Analysis of Drug Resistance Genotype and Distribution in Klebsiella pneumoniae Isolates from a Tertiary-Care Hospital in Guilin, China

Author:

Liu Zhenyu1,Chen Huoying1,Xiong Lijun1,Wang Di1,Zeng Guifen1,Mo Shan1,Wei Chuandong2,Hou Xianliang2

Affiliation:

1. The Second Affiliated Hospital of Guilin Medical University

2. Guangxi Health Commission Key Laboratory of Glucose and Lipid Metabolism Disorders,The Second Affiliated Hospital of Guilin Medical University

Abstract

Abstract Purpose To better understand the distribution and drug resistance of Klebsiella pneumoniae and provide a basis for clinical treatment. Methods We studied 167 Klebsiella pneumoniae clinical specimens in the Second Affiliated Hospital of Guilin Medical University from November 2020 to June 2022. These clinical specimens were isolated from urine, blood, sputum, catheter, pus, drainage fluid, bile, joint fluid, alveolar lavage fluid, and wound/trauma/incision secretions were collected. The drug resistance of Klebsiella pneumoniae and clinical outcomes were analyzed. We designed primers based on relevant resistance genes in The Comprehensive Antibiotic Resistance Database, while a part of them also used primer sequences from the relevant literature. We detected the carbapenems gene using polymerase chain reaction (PCR) and sent the product to the company for sequencing and homology analysis. Results A total of 707 inpatients were recruited and 167 isolates of Klebsiella pneumoniae were obtained. 83 strains from sputum specimens (49.7%), 18 strains from wound/trauma/incision secretion specimens (10.8%), 15 strains from pus specimens (9.0%), and other strains from urine specimens, blood specimens, drainage fluid, bile specimens, bile specimens, catheter specimens, and joint fluid specimens (30.5%). Klebsiella pneumoniae has a high rate of resistance to ampicillin (AMP) (98.2%), tetracycline (TE) (36.5%), piperacillin (PIP) (36.5%), chloramphenicol (CHL) (35.3%), and cefazolin (CFZ) (33.5%).
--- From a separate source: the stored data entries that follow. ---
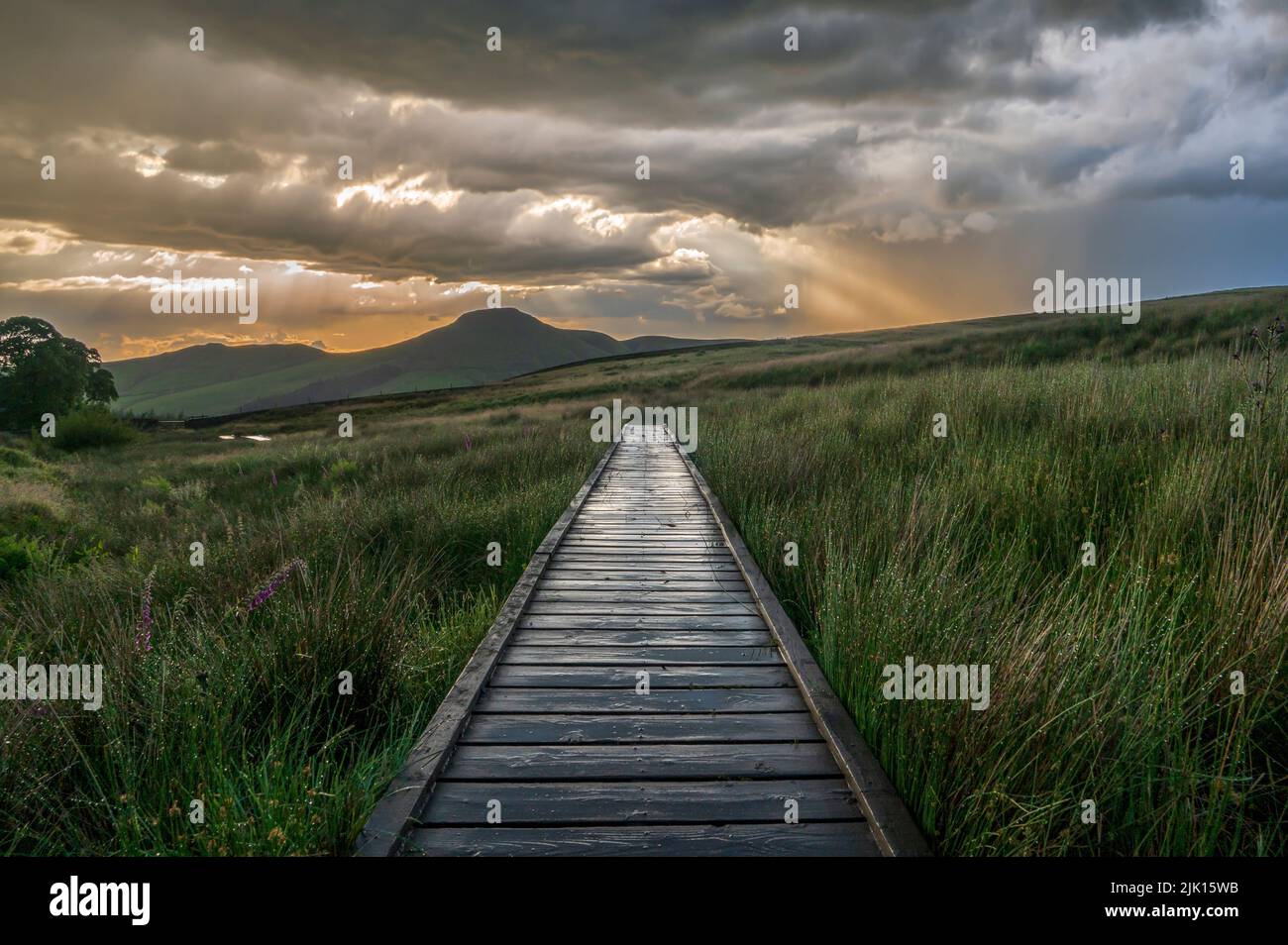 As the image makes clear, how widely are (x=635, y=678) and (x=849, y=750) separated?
4.11 feet

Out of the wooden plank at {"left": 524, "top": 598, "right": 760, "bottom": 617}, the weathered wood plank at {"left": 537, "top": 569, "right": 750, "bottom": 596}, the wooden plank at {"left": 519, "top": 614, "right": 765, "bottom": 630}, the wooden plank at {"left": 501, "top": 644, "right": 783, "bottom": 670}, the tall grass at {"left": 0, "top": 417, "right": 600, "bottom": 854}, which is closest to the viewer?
the tall grass at {"left": 0, "top": 417, "right": 600, "bottom": 854}

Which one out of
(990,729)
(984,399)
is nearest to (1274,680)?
(990,729)

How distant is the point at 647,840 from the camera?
2.28 metres

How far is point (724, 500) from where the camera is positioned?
864 centimetres

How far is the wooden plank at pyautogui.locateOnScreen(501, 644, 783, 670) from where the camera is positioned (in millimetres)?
3816

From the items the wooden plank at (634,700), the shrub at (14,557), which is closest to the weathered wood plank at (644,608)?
the wooden plank at (634,700)

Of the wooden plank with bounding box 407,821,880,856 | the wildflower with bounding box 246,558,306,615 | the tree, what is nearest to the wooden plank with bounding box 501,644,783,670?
the wildflower with bounding box 246,558,306,615

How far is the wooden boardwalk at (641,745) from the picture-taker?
2.28 metres

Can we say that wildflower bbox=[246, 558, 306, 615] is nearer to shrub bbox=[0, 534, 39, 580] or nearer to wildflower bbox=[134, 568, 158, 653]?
wildflower bbox=[134, 568, 158, 653]

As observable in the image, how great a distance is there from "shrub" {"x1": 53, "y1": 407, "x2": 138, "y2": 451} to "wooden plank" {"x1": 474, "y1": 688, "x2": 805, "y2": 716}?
41.7 meters

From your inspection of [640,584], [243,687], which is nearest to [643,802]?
[243,687]

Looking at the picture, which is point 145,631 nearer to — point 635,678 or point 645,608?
point 635,678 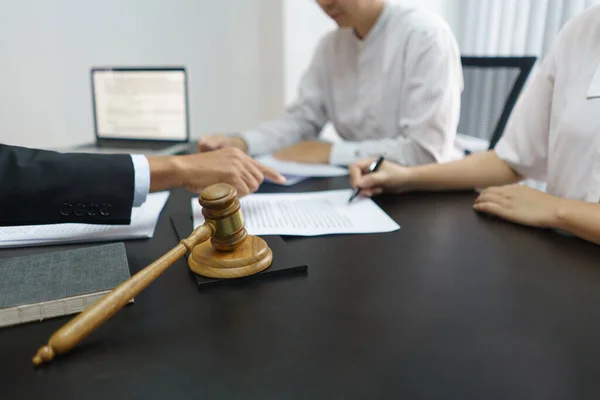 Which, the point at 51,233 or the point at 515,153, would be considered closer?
the point at 51,233

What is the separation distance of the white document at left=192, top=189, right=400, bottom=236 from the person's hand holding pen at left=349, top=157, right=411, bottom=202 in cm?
3

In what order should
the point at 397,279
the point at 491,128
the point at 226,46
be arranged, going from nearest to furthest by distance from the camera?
the point at 397,279 → the point at 491,128 → the point at 226,46

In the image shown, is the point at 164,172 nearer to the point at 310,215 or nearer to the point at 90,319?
the point at 310,215

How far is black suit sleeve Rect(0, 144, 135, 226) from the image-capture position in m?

From the analysis of sequencing results, we found that 68 strains were missing membrane pore protein Ompk-35, 3 strains were detected carrying KPC-1/KPC-2 type, 12 strains were missing membrane pore protein Ompk-36, 62 strains were missing membrane pore protein Ompk-37, 1 strain was detected carrying NDM-1, and no VIM-1, IMP-4, OXA-48, SME-2. Conclusions Klebsiella pneumoniae mainly causes respiratory tract infections and has a high rate of resistance to cephalosporins, piperacillin, and other antibacterial drugs. The detection rate of missing membrane pore protein ompk-35/ompk-37 is high, and the more drug resistance gene species it carries, the more drug resistant drug species it is.